Je saisis moins l'enfant qui s'avance au vieil espalier une baguette à la main.

   Provencao   
15/1/2026
trouve l'écriture
très aboutie
et
aime beaucoup
Bonjour papipoete,

"Aux cailloux d'un erg grisâtre, un enfant s'avance au vieil espalier, tête blonde sur marinière, une baguette ébranchée en main qu'il brandit.
Il entre en scène.
Chef d'un orchestre fantôme, il descend la montée plate, lève sa badine, réclame au silence le LA.

La musique aphone lance son concerto."

J'aime beaucoup ce croisée fortuit où la rêverie de cet enfant se recouvre presque factuellement: le silence.

Un délicieux poème, au-delà du verbe suscite et imagine aussi le silence de l'imagination et laisse dériver en lui
quelque chose qui n’est que fantôme.

Bravo bel ami.

Au plaisir de vous lire,
Cordialement

   Roxanne   
15/1/2026
trouve l'écriture
aboutie
et
aime bien
Bonjour papipoete,

Je trouve cette fresque empreinte de nostalgie très réussie. Tout en métaphore que chacun peut interpréter à sa manière. Un clin d’œil à une époque où nous fabriquions nous mêmes nos jouets, inventions nos propres activités et où l’ennui nous forçait à être constructif.
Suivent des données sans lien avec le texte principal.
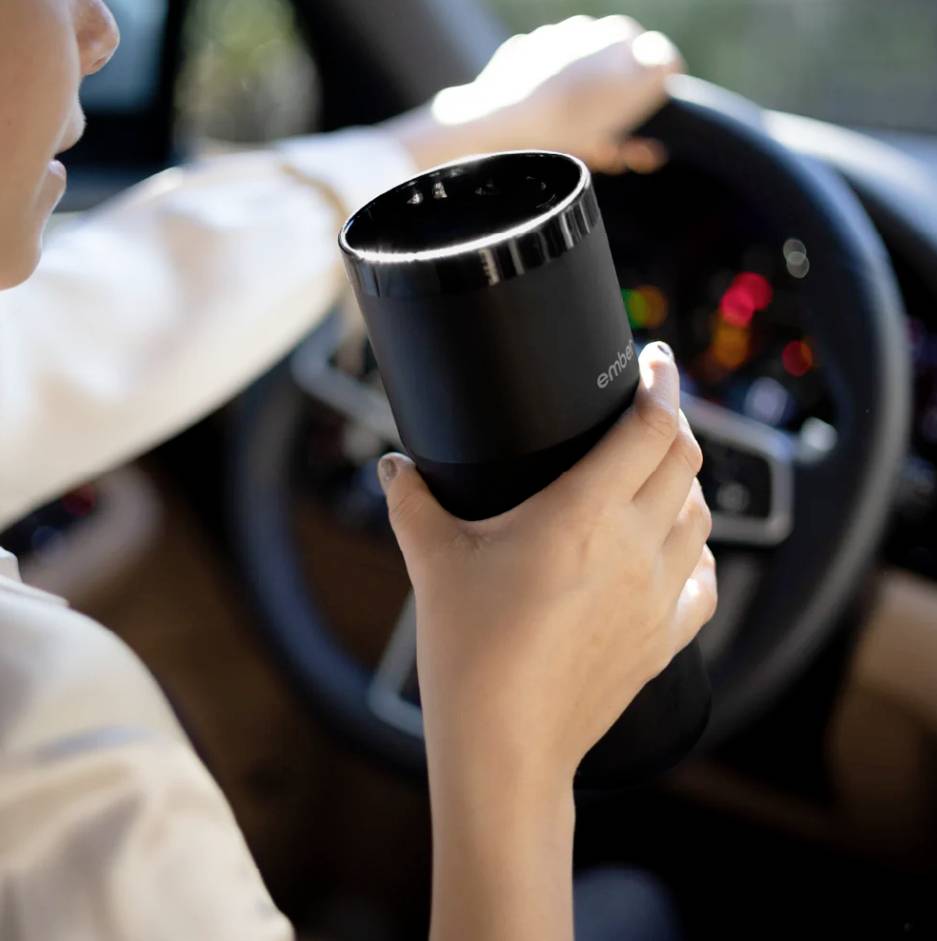 Person hält einen schwarzen Thermobecher in der Hand, während sie ein Auto steuert. Im Hintergrund ist das Lenkrad sichtbar.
Quant au terrain de jeu, malheureux le mioche qui n’a pas erré jusqu’au coucher du soleil dans le terrain vague derrière le lotissement, utilisant le moindre objet perdu à terre pour s’inventer ses propres aventures et moduler le monde à ses rêves.
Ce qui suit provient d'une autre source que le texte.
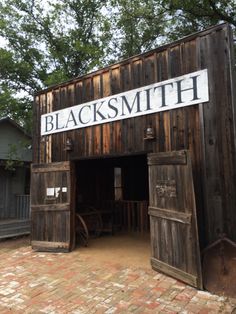 an old wooden building with a sign that says blacksmith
J’aurais aimé que la seconde partie présentant l’enfant soir plus développée. Je pense qu’il y aurait matière à l’enrichir même si en l’état, le déséquilibre produit une certaine dynamique du récit.


Bravo.


Roxanne

   Bodelere   
15/1/2026
trouve l'écriture
très aboutie
et
aime beaucoup
Bonjour Papipoete
L'image de la Tour Eiffel couchée, dont "la tête au loin se perd à l'horizon", est intelligente En privant la "Dame de Fer" de ses pieds, vous lui ôtez sa verticalité conquérante pour en faire un gisant.
L'enfant apporte une touche de couleur à la grisaille des poutres oxydées de la scène
Un chef d'orchestre sans musiciens...Peut-être un monde qui a cessé de vibrer
Belle émotion...bravo

   LeChevalier   
15/1/2026
Je n'ai pas tout compris, sans doute faute de références ferroviaires. À la deuxième lecture, je suis mieux arrivé à suivre la description. Vers la toute fin, je me demande si les oxymores ne sont de trop, avec « réclame au silence le la » et « une musique aphone ». A vrai dire, j'aime mieux la première expression que la deuxième. Je ne suis pas sûr que les majuscules soient nécessaires pour la note « la », à moins qu'il y ait une intention qui m'échappe.

Je n'évalue pas, car je ne pense pas pourvoir le faire dans cette catégorie.

   Raoul   
15/1/2026
trouve l'écriture
aboutie
et
aime bien
Bonjour,
J'aime assez l'ensemble de cette description plutôt dynamique ou écheveulée, voire même cubiste façon Fernand Léger. L'idée de la grande dame parisienne assoupie est assez piquante et l'image du ru de pierrailles est tout un voyage. Voyage que poursuit l'enfant "marin", d'ailleurs.
Je suis mains convaincu – mécréant que je suis – par les ref. religieuses que je trouve un rien plaquées. Idem pour les tournures " au/aux" un peu pataudes.
L'ensemble reste tout de même très plaisant.
Merci pour cette lecture.

   Yakamoz   
16/1/2026
trouve l'écriture
aboutie
et
aime bien
Belle idée que cette analogie entre une voie ferrée avec ses lignes de fuite et la tour Eiffel couchée.
Une vision d’enfant écrite avec une plume d’adulte, qui regorge d’images, d’oxymores et de métaphores judicieuses. La forme est originale, à la limite de la prose, mais le texte garde son cachet poétique grâce aux tournures de l’écriture.